Love that If anything! And reinforced the view - she's saying it's a piece of hack-work cooked up to stroke the prejudices of the writers' bosses .
The evaluation group's other job was to read through the huge, daily stream of intelligence reporting on terrorism and "highlight things of interest to Feith," said one official involved in the process.
The cherries were duly picked.
Then we get some more quote marks, which mean fun.
(Of course, all the sources here are anonymous: the new WaPo memo, all that jazz...hey, it's intel! Don't worry, be happy...)
Quite how Priest has verified that these are the ipsissima verba - so as to justify the quote marks - the Lord only knows. Feith, she said, said
It was interesting enough that I brought it to Secretary Rumsfeld because Secretary Rumsfeld is well known for being a particularly intelligent reader of intelligence.
Now, is it Feith who's deadpanning there, or Priest, I wonder?
The Tenet briefing took place on August 15 2002 at Langley (Pentagon travels to CIA - that, I suspect is not without significance, bureaucratically speaking).
And some more inverted commas:
"The feedback that I got from George right after the briefing was, 'That was very helpful, thank you,' " Feith said.
That little thank you is a real killer.
The CIA reaction?
CIA officials who sat in the briefing were nonplussed. The briefing was all "inductive analysis," according to one participant's notes from the meeting. The data pointed to "complicity and support," nothing more. "Much of it, we had discounted already," said another participant.
And, Priest said, the Tenet briefing never reached Rice, Cheney or Bush - Yay! On-the-record quote! Take a bow, Sean McCormack.
(The infamous Weekly Standard piece came from the Powerpoint slides from the briefing, it seems. I mention for the benefit of those collecting examples to prove PPT is a global mindsuck.)
Finally, she mentions the letter of October 7 2002 from CIA Deputy Director John E. McLaughlin to the Senate Intelligence Committee:
We have solid evidence of senior level contacts between Iraq and al-Qa'ida going back a decade.
At the time, I tried to make the point about the difference between contacts and cooperation (October 10 2002).
On the OSP, Priest is brief. She says
It was given a nondescript name to purposefully hide the fact that, although the administration was publicly emphasizing diplomacy at the United Nations, the Pentagon was actively engaged in war planning and postwar planning.
(In fact, the name comes across as fictional: it has a Tintin feel to it. Was anyone fooled?)
There's an odd reference to various items
according to a chart hanging in the special plans office, Room 1A939, several months ago.
No source, even anonymous, is given for this chart: does one infer that Priest herself eyeballed it?
She ends with a Rummy quote on the OSP:
We brief the president. We brief the vice president. We brief the [CIA director]. We brief the secretary of state. . . . That is not only not a bad thing, it's a good thing.
I'd bet a low-value dead president he was grinning as he said it.

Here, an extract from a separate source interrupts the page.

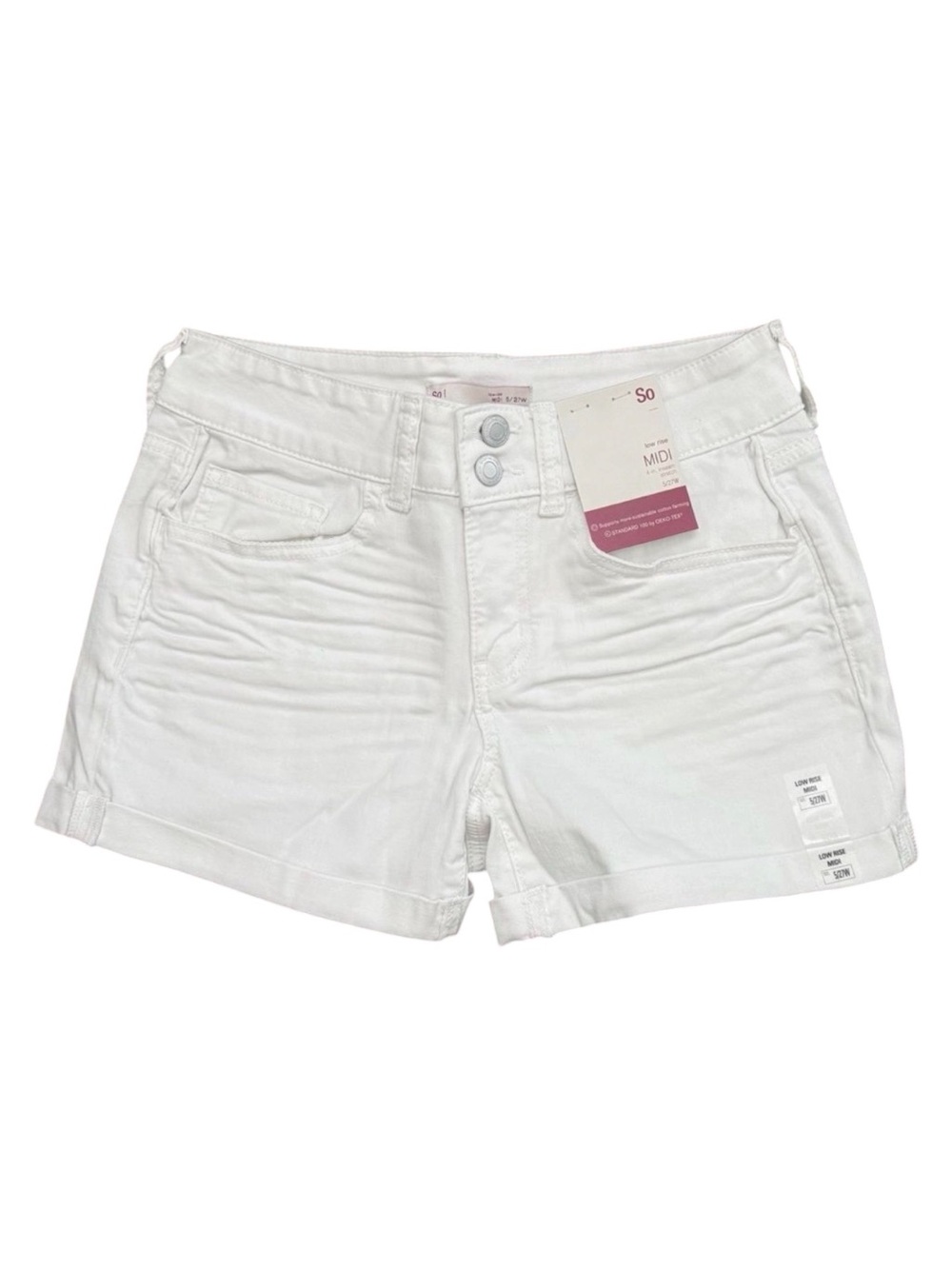 NWT SO Low Rise Midi Denim Shorts White Juniors Size 5 / 27W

So what is Priest telling us? I think, to believe neither the Grassy Knollers who suggest there are the makings of a parallel state over at the Pentagon, nor the bromides of Rummy and Co that there were just a small bunch of guys keeping tabs on the intelligence paperwork.

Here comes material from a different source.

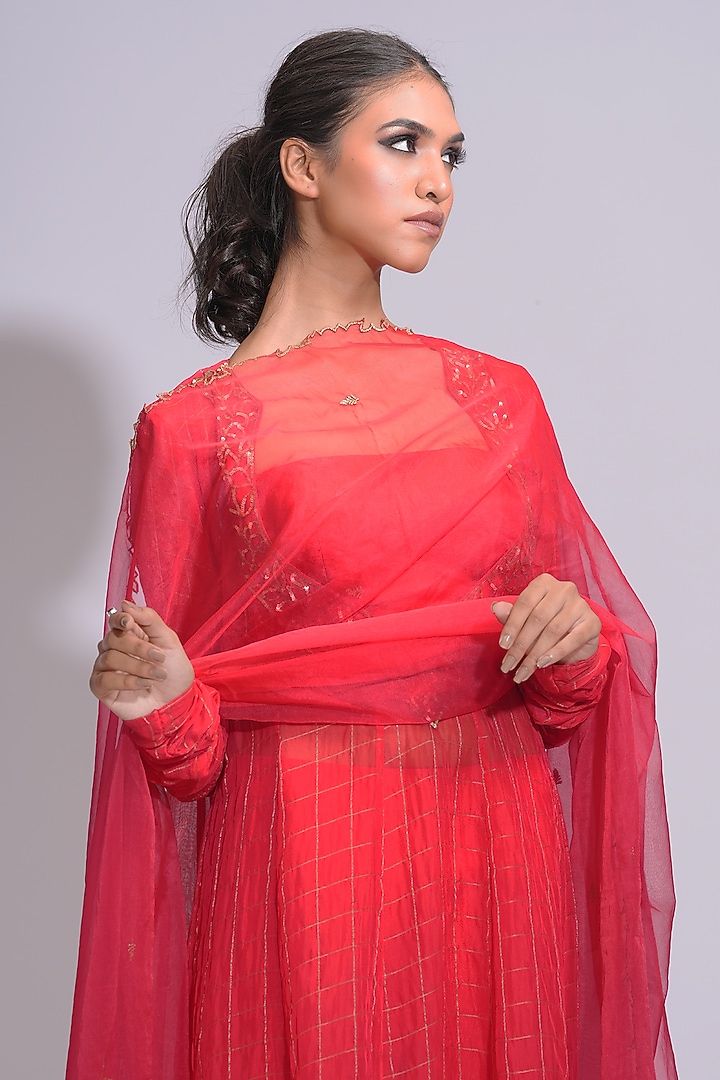 Tomato Red Soft Organza Zari Embroidered Wedding Anarkali Set by Shruti S at Pernia's Pop Up Shop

(The reason the OSP/PCEG did not affect USG strategy is that that strategy was already set: to invade Iraq when the time was ripe. They did provide (doctor?) material which served in USG's propaganda war, foreign and domestic - not a negligible contribution.
But they also gave the Rummy and Co an acronym they could call their own: one wonders how far Bush understood that the derision the rest of USIC heaped on the OSP was soundly based, rather than the usual intel civil wars.)
Whether or not my interpretation of Priest's view is correct, one wonders why Big Media conventions prevent her speaking in plain language, rather than in the Babylonian cuneiform that her March 13 piece appears to be cast.